Du coup, je l’ai dit, la question politique est remisée, le pays mis au rancart, peut-être en attente de la prochaine fois. C’est ce qu’illustre, me semble-t-il, l’ultime chapitre du roman, conséquence pas banale du triomphe amoureux. Ce chapitre, très bref (une page), réunit Branlequeue, Jacques Cardinal, militant nationaliste de la première heure mais aussi « agent provocateur » (CL, 391), selon le mot de Branlequeue, et Raoul Bonnard, « ancien comique et crooner » (CL, 132), qui préside aux amours de Sam et Marie-Québec chez Lavigueur, mais est aussi intermédiaire auprès de la mafia montréalaise. Dans cette scène extrêmement curieuse, qui se déroule le 24 juin 1974 à l’Île aux Fesses, Branlequeue et Bonnard assistent au lancement de la goélette de Cardinal. La scène se résume à ceci : après avoir baptisé son schooner avec une grosse bouteille de bière, parce qu’« on était entre vrais Québécois » (CL, 592), Cardinal met à flot le Patriote, lequel cependant sombre aussitôt. Improbable et bouffonne, la scène semble échapper au cadre résolument réaliste du roman, parce qu’on voit mal la logique qui permet de réunir Branlequeue et les deux autres personnages, et parce qu’on en voit encore moins la pertinence pour conclure le roman. On pourrait ici reprendre la réponse de l’ex-femme de Cardinal à Sam venu l’interroger : « Le bateau n’a rien à voir avec l’histoire qui vous intéresse. » (CL, 211) En fait, la situation rappelle certaines scènes narquoises de Ferron, en particulier les situations carnavalesques du Ciel de Québec, et surtout le début du Saint-Élias.

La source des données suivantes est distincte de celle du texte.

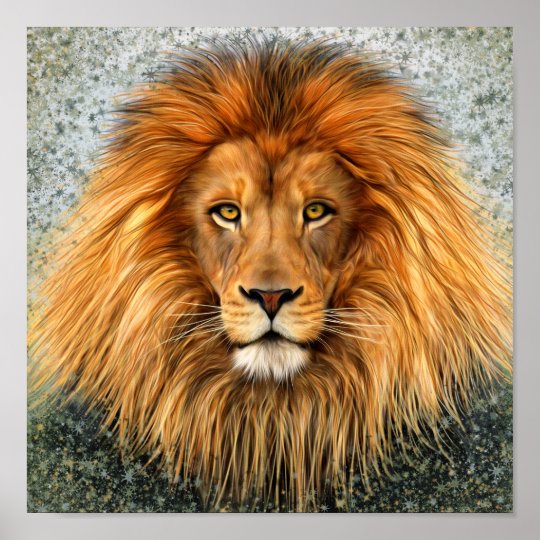 Lion Photograph Paint Art Image Poster 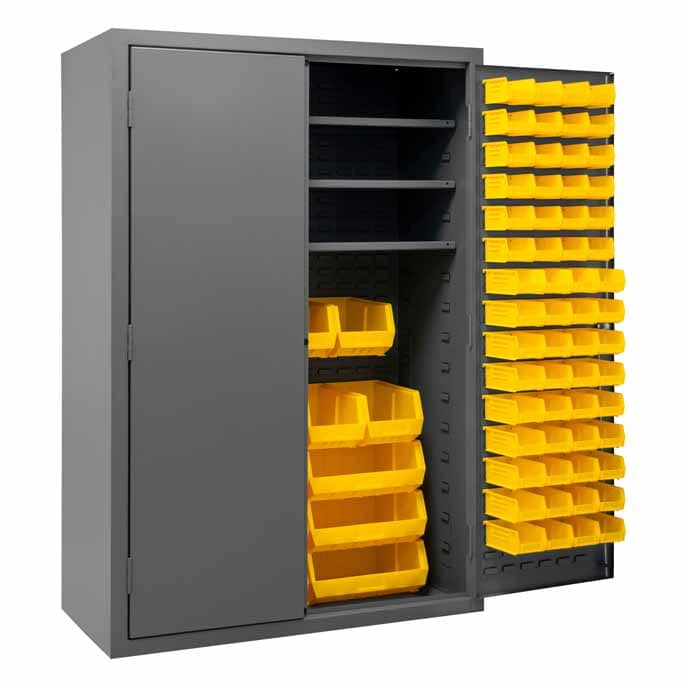 Cabinet, 3 Shelves, 138 Yellow Bins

Dans l’incipit de ce roman de Ferron paru en 1972, nous assistons au lancement du trois-mâts Le Saint-Élias. Nous sommes en 1869, donc cent ans, à une année près, avant la crise d’Octobre, et à Batiscan, donc à quelques kilomètres à peine de Sainte-Anne-de-la-Pérade, d’où Branlequeue est originaire. Le Saint-Élias, lancé en grande pompe, symbolise l’ouverture du Canada français sur le monde, la volonté du peuple d’ouvrir l’enceinte du terroir pour découvrir le monde. Il est une représentation de la liberté et le signe d’une autonomie nationale. Aussi le discours du curé Tourigny appelle-t-il à la prise en main par le peuple de ses possibles : « Il était bon de rester enfermés aussi longtemps que nous n’étions pas un peuple. Mais ce peuple, nous le sommes enfin devenus : que soit brisé l’écrou du Golfe ! que cessent les empêchements de l’enfance[24] ! » Or, l’excipit de La constellation du Lynx me semble assez nettement parodier l’incipit du roman de Ferron. D’autant plus que, en situant la scène le jour de la Saint-Jean-Baptiste, Hamelin accentue cet effet de parodie nationaliste. Jamais Cardinal ne réussira à mettre en route le voilier avec lequel il rêvait de « [f]aire le tour du monde » et dont la coque a été construite en « ferrociment » (CL, 211). Vraisemblablement, cette conclusion cherche à suggérer le naufrage du pays des felquistes et de Ferron-Branlequeue.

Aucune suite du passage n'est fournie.